▸ **About this task**: Skipping the images, transcribe each record below as it is.

******

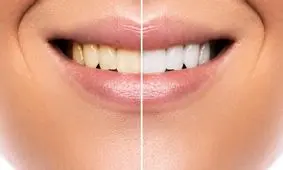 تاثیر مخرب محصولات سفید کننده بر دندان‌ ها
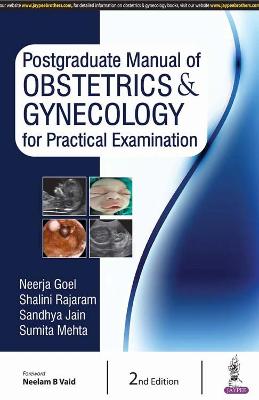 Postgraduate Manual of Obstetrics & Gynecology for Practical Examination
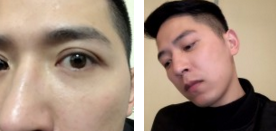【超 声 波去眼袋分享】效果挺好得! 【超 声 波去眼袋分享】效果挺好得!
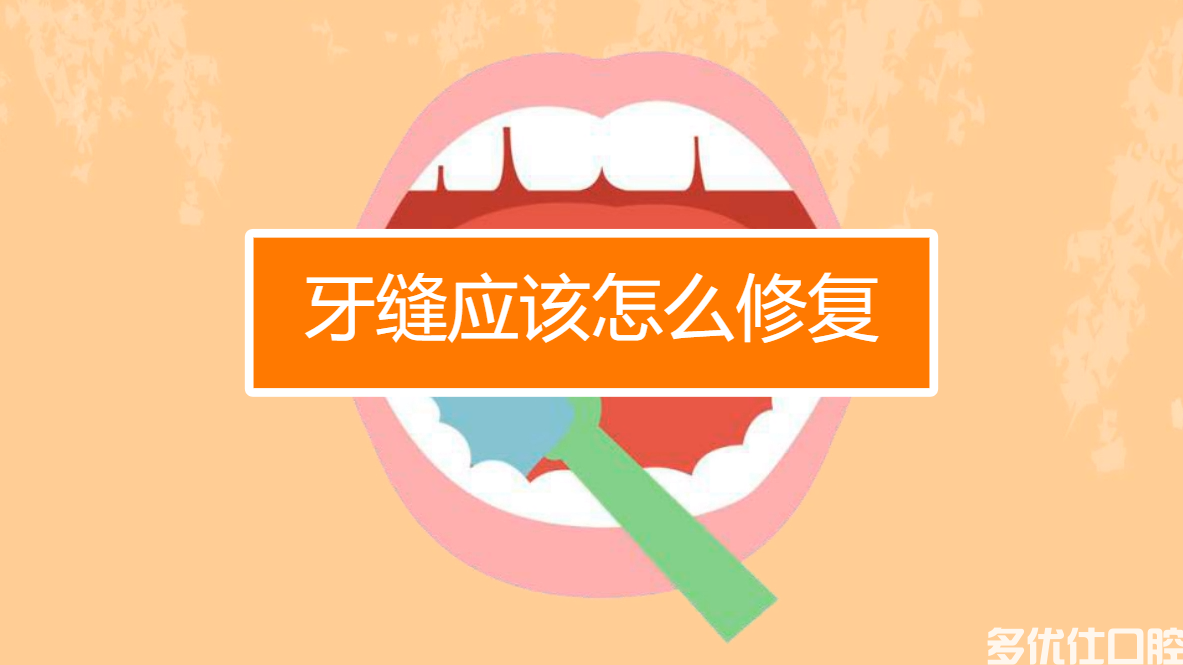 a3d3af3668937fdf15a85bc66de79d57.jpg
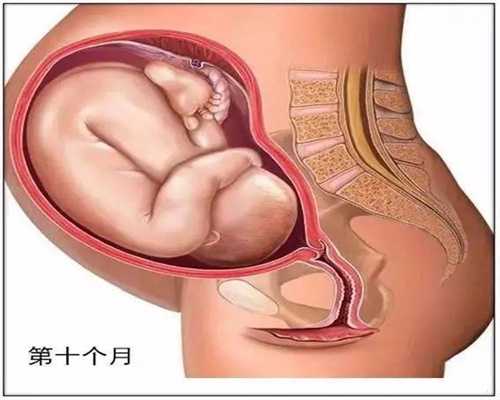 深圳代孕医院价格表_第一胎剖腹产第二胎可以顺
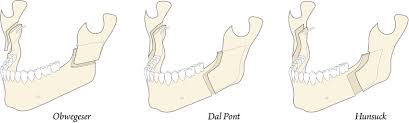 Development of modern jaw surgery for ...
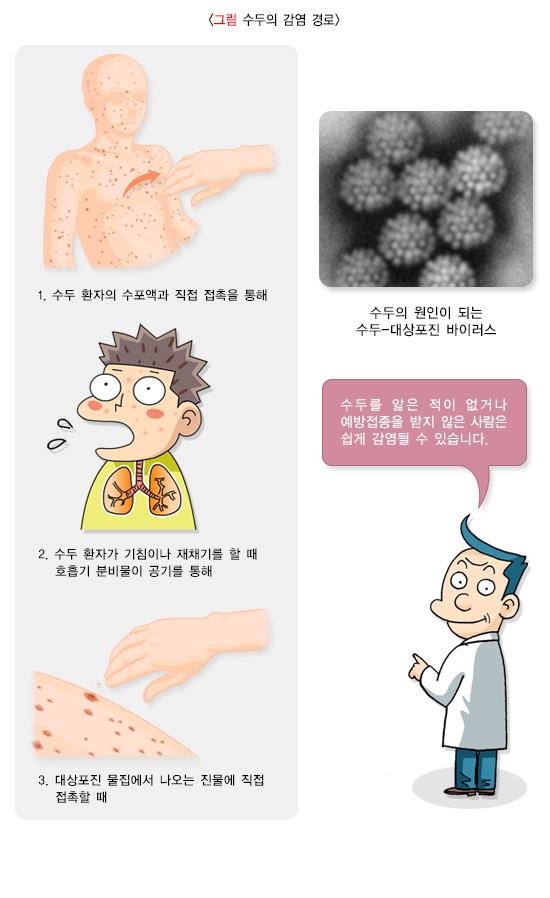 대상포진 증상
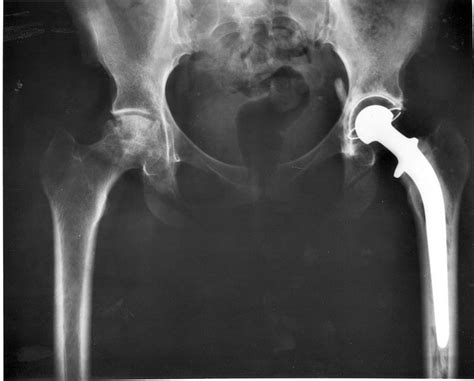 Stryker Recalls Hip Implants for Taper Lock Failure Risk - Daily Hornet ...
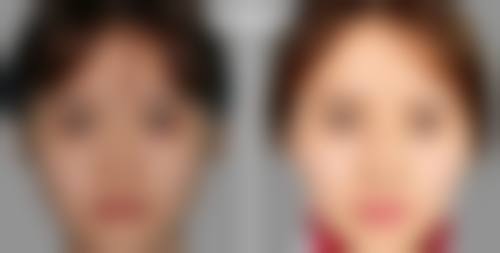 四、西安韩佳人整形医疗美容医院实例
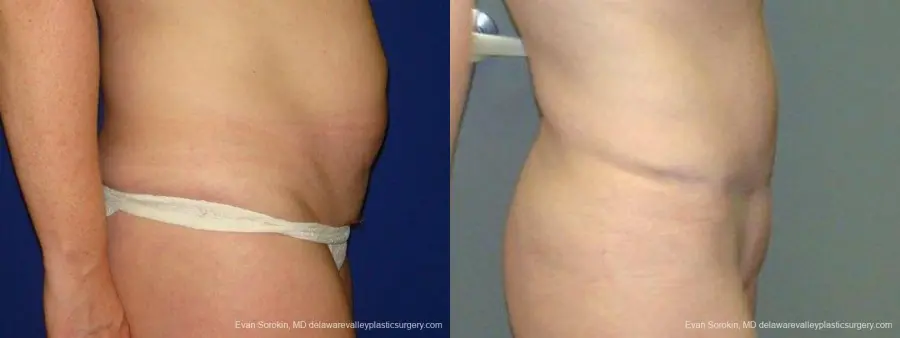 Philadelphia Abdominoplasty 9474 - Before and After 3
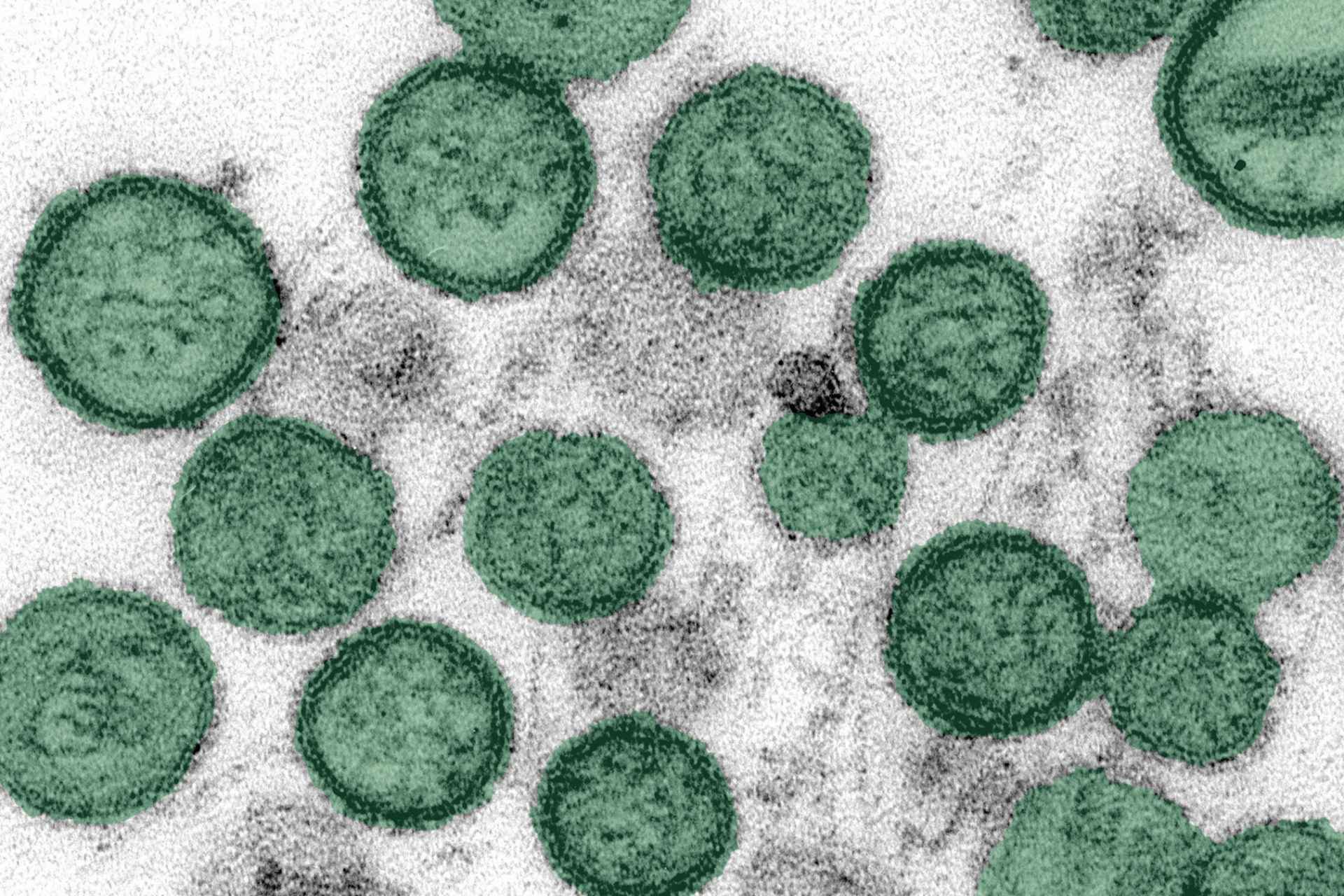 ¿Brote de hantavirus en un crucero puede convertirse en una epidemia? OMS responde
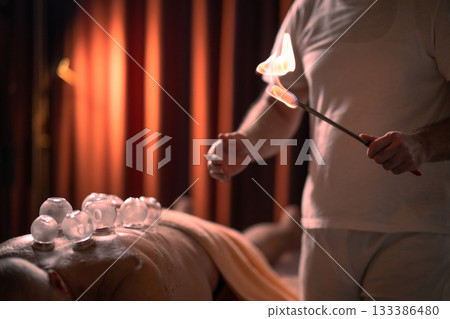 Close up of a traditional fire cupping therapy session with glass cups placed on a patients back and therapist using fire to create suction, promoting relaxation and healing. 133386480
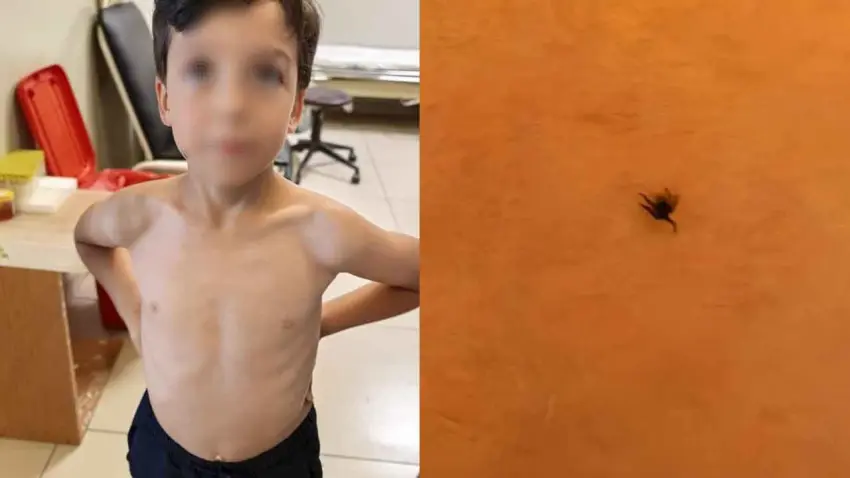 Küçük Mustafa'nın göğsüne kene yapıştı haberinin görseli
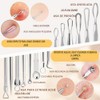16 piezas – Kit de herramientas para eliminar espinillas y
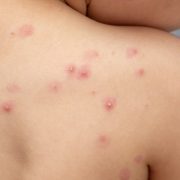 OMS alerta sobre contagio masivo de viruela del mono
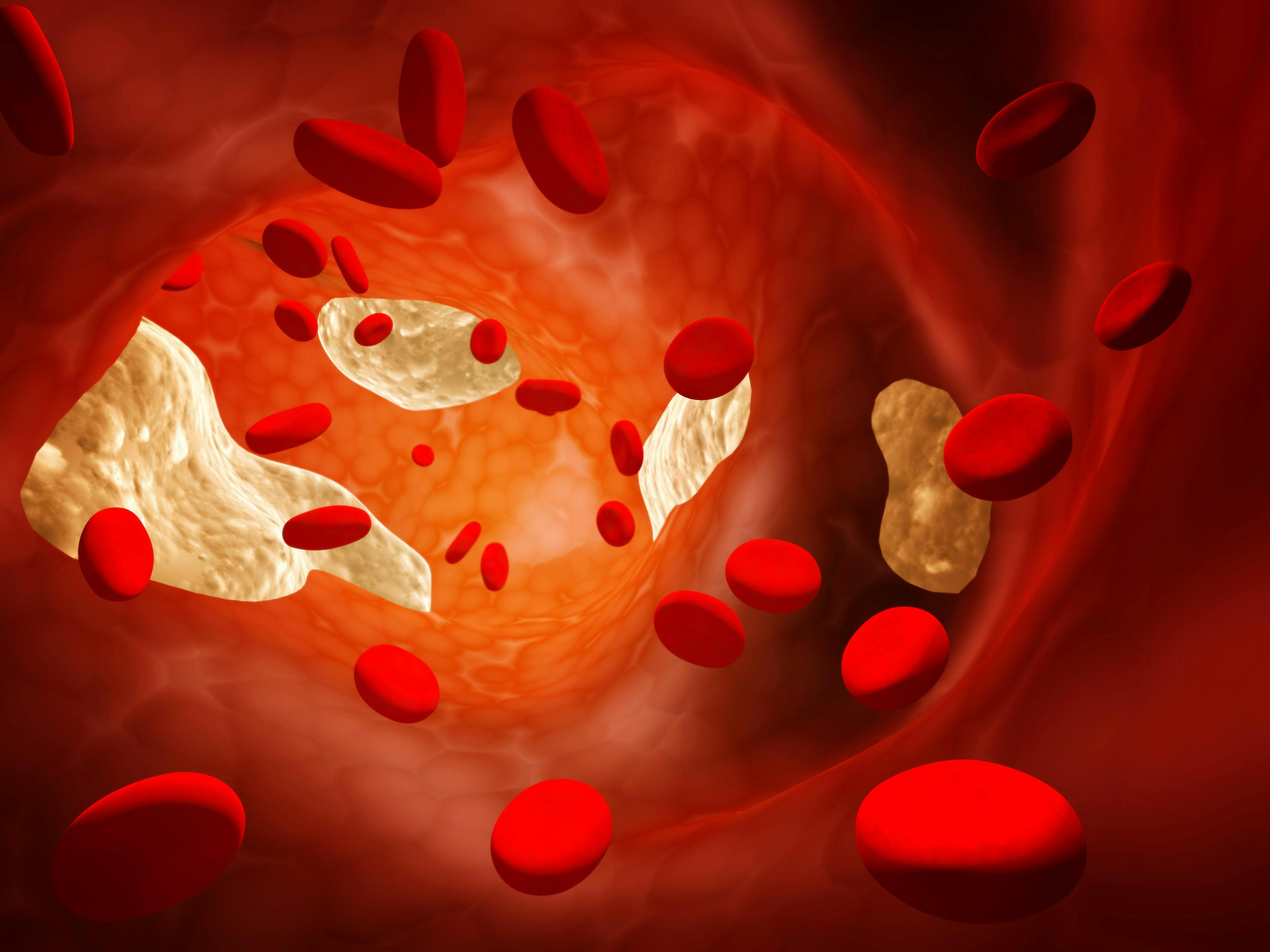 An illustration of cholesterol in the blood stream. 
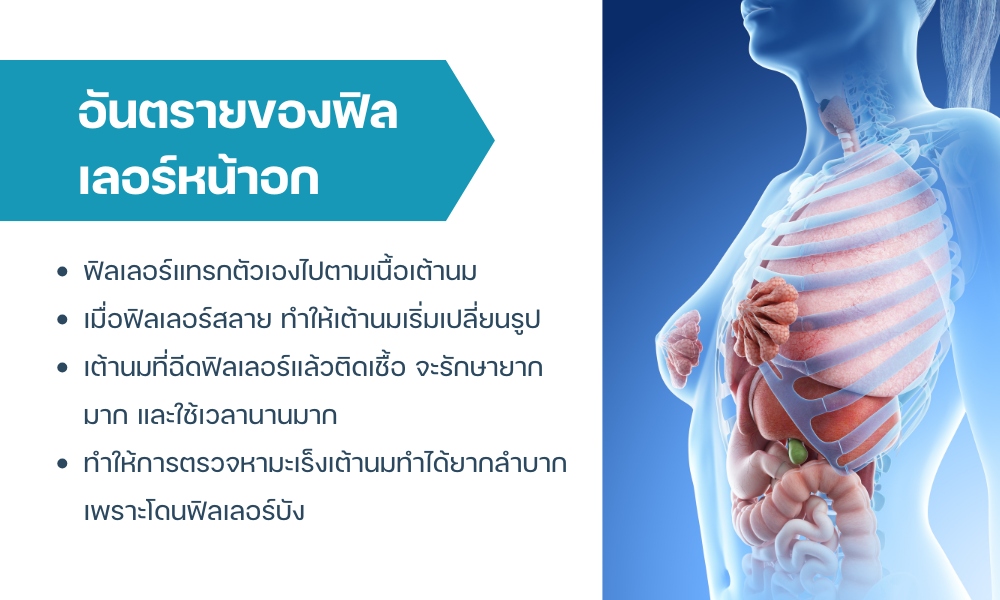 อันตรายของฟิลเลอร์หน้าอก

******

▸ **Task answer**:
 تاثیر مخرب محصولات سفید کننده بر دندان‌ ها
 Postgraduate Manual of Obstetrics & Gynecology for Practical Examination
【超 声 波去眼袋分享】效果挺好得! 【超 声 波去眼袋分享】效果挺好得!
 a3d3af3668937fdf15a85bc66de79d57.jpg
 深圳代孕医院价格表_第一胎剖腹产第二胎可以顺
 Development of modern jaw surgery for ...
 대상포진 증상
 Stryker Recalls Hip Implants for Taper Lock Failure Risk - Daily Hornet ...
 四、西安韩佳人整形医疗美容医院实例
 Philadelphia Abdominoplasty 9474 - Before and After 3
 ¿Brote de hantavirus en un crucero puede convertirse en una epidemia? OMS responde
 Close up of a traditional fire cupping therapy session with glass cups placed on a patients back and therapist using fire to create suction, promoting relaxation and healing. 133386480
 Küçük Mustafa'nın göğsüne kene yapıştı haberinin görseli
16 piezas – Kit de herramientas para eliminar espinillas y
 OMS alerta sobre contagio masivo de viruela del mono
 An illustration of cholesterol in the blood stream. 
 อันตรายของฟิลเลอร์หน้าอก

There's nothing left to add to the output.